CAMDEN — The state is seeking restitution for an 87-year-old Camden woman who was nearly killed in December by a dog that her family says should be euthanized.

A pit bull charged and mauled Mary Dearborn while she was walking on Cobb Road in Camden on Dec. 1, police said.

Dearborn was taken to Pen Bay Medical Center in Rockport and then flown by a LifeFlight helicopter to a trauma center. She spent nearly a month in a medically induced coma and the doctors initially told the family that she was not expected to survive. She is now recovering at home.

The pit bull, Ollie, came from a residence on nearby Sweetbrier Road. Camden police issued summonses to the dog’s owner, Beth Kwiatkowski, 54, for keeping a dangerous dog, and having a dog at large.

Kwiatkowski’s attorney, Elizabeth Noble of Camden, filed denials to the pair of civil violations on her client’s behalf. Noble was granted a continuance from a March 15 hearing, saying that Kwiatkowski’s insurance company had not yet completed its investigation.

The next court hearing is scheduled for April 12 in Knox County Unified Court.


Camden police Detective Curt Andrick said the dog was placed in a state-mandated 10-day quarantine and now is confined to a run on the owner’s property. He said no complaints about the dog had been filed with the police department before the attack.

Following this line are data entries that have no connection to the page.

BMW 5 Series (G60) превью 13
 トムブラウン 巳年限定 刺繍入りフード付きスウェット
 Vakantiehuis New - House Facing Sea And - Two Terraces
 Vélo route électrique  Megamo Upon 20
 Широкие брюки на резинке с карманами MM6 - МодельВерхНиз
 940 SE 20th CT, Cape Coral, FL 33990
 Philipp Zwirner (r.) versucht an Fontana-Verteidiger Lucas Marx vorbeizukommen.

The District Attorney’s Office, which is seeking restitution for Dearborn, has not filed a motion with the court to have the dog euthanized.

However, attorney Sarah Gilbert of Camden said Dearborn’s family believes the dog is extremely dangerous and should be euthanized.

“It’s the family’s understanding that the defendant has already previously offered to euthanize the dog, and that the dog has a known history of aggression and needing to be muzzled at all times,” Gilbert said.

The attorney said the physicians in the emergency department at Pen Bay first reported the dog attack to police. Dearborn suffered an extensive temporal artery injury to her head, resulting in intense bleeding. There were two long nail or bite wounds to her head that required stapling, Gilbert said.

“The family expects this attack to be taken very seriously, in light of Ms. Dearborn’s life-threatening injuries. There is no place for a dog like this in a residential neighborhood, surrounded by vulnerable people like Ms. Dearborn and neighborhood children,” Gilbert said.

Gilbert said the family had not yet decided whether to file a civil suit seeking damages for the attack.

Noble did not respond to an email seeking comment on Tuesday.